Когда говорили: так рано ушел, я думал: зачем же они врут? Он прожил огромную жизнь, он старый человек. Конечно, хорошо, если бы еще пожил, но что же делать… А сейчас я понимаю, что он-то — мальчишка. 56 лет — что это такое?
— Но вам в вашем возрасте не тяжело дается эта антрепризная бытовуха — гостиницы, переезды?
— Абсолютно нет. Как в лагере говорили: сапоги под голову, бушлатом укрылся, и все. Пайку съел — и хорошо.
— Вы давно курить бросили?
— Бросил, потом начал, еще лет пять курил, лет 10 назад совсем закончил.
— А как насчет выпить?
— С удовольствием! Могу принять пару-тройку рюмочек в хорошей компании. Могу и без компании, у меня компания — жена. Она с удовольствием выпьет бокал вина. В Испании, где мы по нескольку раз в год отдыхаем, отличное вино. Каждый день выпиваем бутылочку этого божественного напитка. Живем в радость, в удовольствие. Но мы заслужили это своим трудом. Работой, иногда тяжелой, но всегда радостной.
* Он ни о чем не жалеет. Только о том, что курил
«ДОЛЖЕН БЫЛ СНИМАТЬСЯ В «ВОЙНЕ И МИРЕ»
— Владимир Абрамович, есть такие моменты в жизни, которые хотелось бы изменить?
— Да. Не надо было начинать курить в 16 лет. Вот это бы я изменил. А все остальное так бы и оставил.
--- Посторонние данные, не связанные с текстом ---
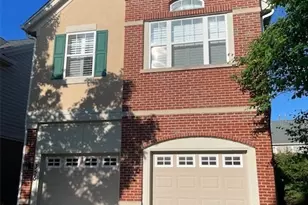 355 N Pine Lake Circle, Vernon Hills, IL 60061 - Photo 1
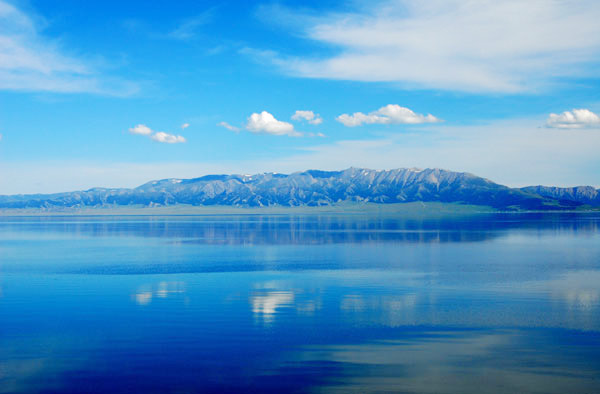 The placid Sailimu Lake mirrors the sky above. [Photo/CRIENGLISH.com]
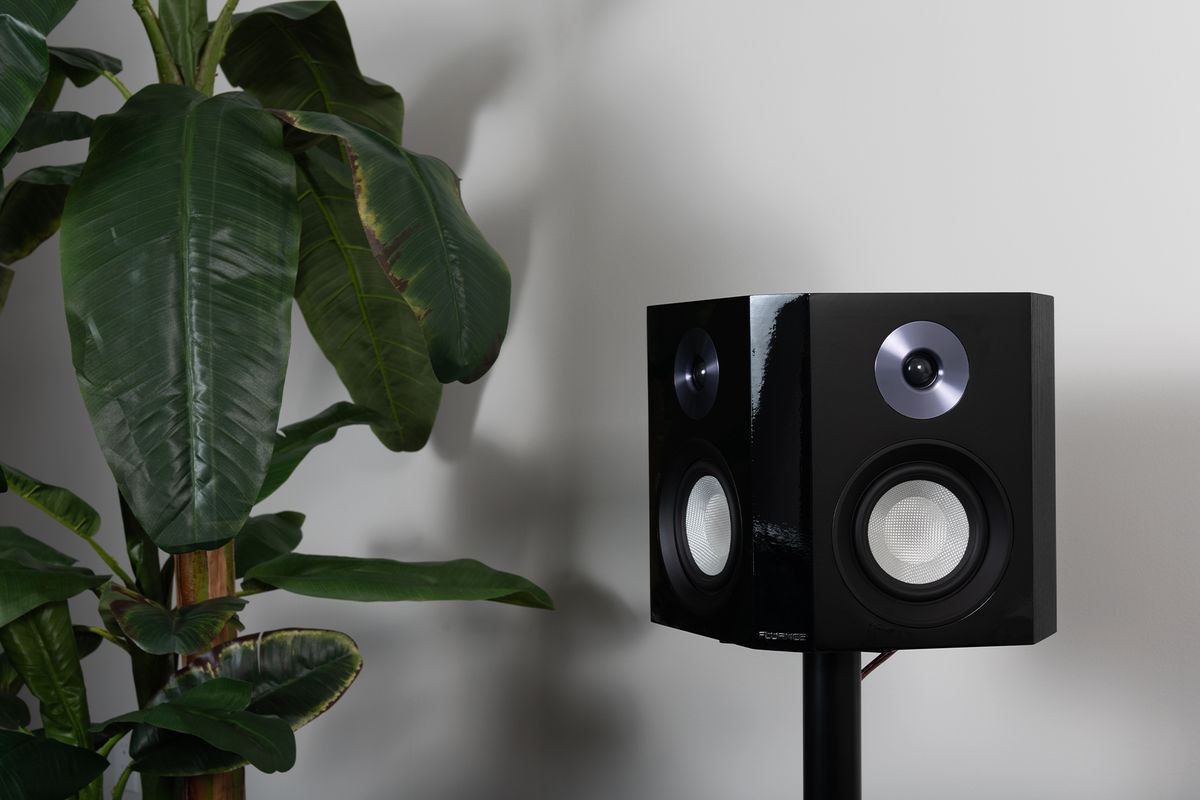 Reference High Performance Two-Way Bipolar Surround Speakers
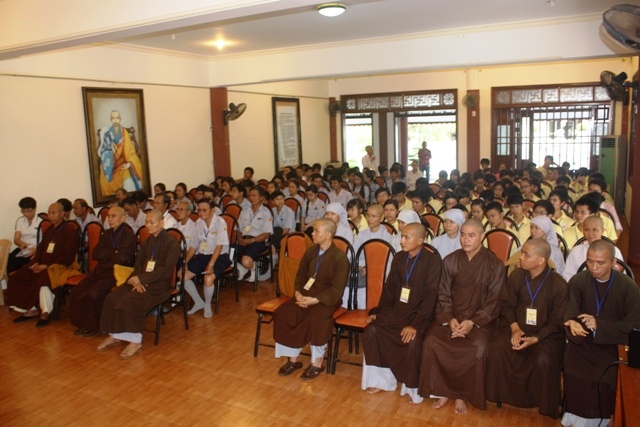 Thừa Thiên Huế: Tập huấn và lễ xuất phát "Tiếp sức mùa thi 2011" ảnh 8 Thừa Thiên Huế: Tập huấn và lễ xuất phát "Tiếp sức mùa thi 2011" ảnh 8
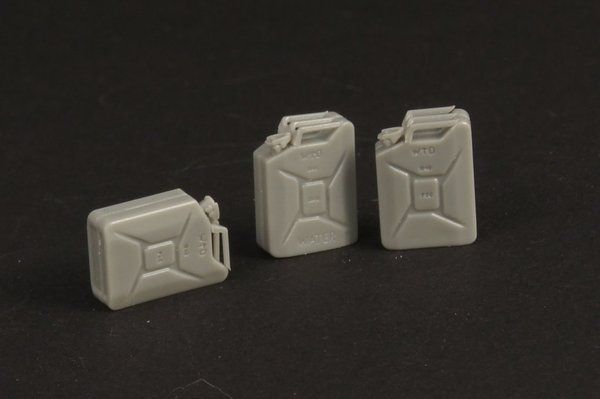1:35 WWII British 20l Canisters Late Pattern (12pcs)
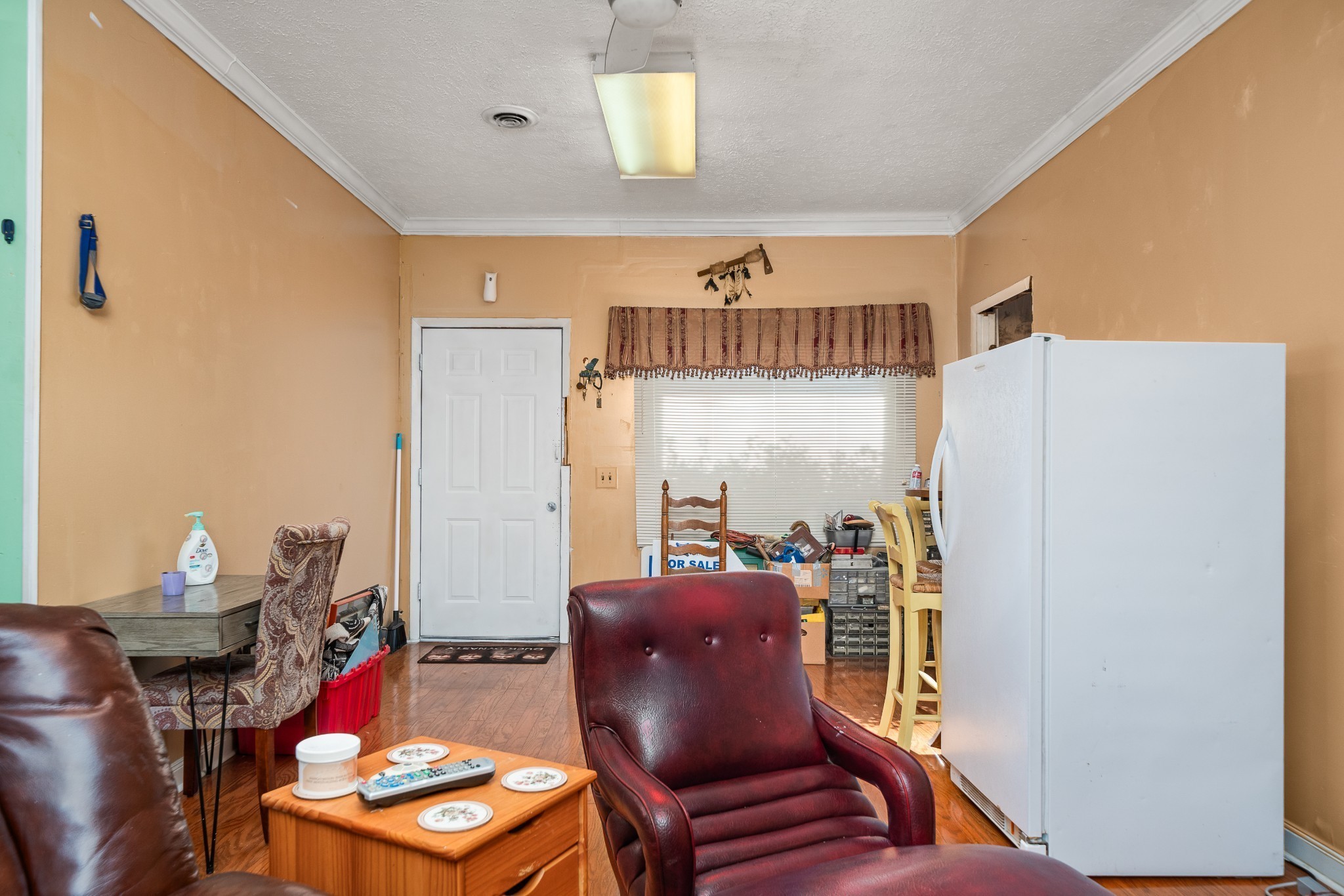 249 N Spring St Property Photo 27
— И то, что вас выгнали с первого курса института за драку?
— Так ведь «бей в глаз, как в бубен», вот и бил, защищая девушку. Я, кстати, в этот момент должен был сниматься у Сергея Федоровича Бондарчука в «Войне и мире». У меня там была небольшая роль — граф Кутайсов, меня даже уже утвердили.
Роль по фильму была разбросана — в военных сценах, в батальных, в сценах, где гуляла золотая молодежь… А так как меня выгнали на год, я думал: как раз поснимаюсь, поезжу на лошадях — это же так интересно.
В результате папа позвонил своему другу Льву Романовичу Шейнину, главному редактору «Мосфильма», и попросил: «Лева, сделай так, чтобы ноги моего засранца на съемках не было». Так и сделали.
Я ужасно любил папу, и он меня очень любил. И если папа сказал: «Нет, сынок, ты не будешь сниматься, ты поедешь в экспедицию и своим потом, своей кровью добьешься того, чтобы тебя вернули в институт» — значит, так и будет. И я поехал в геологическую экспедицию буровым рабочим шестого разряда: копал шурфы, доставал монолиты с двухметровой глубины.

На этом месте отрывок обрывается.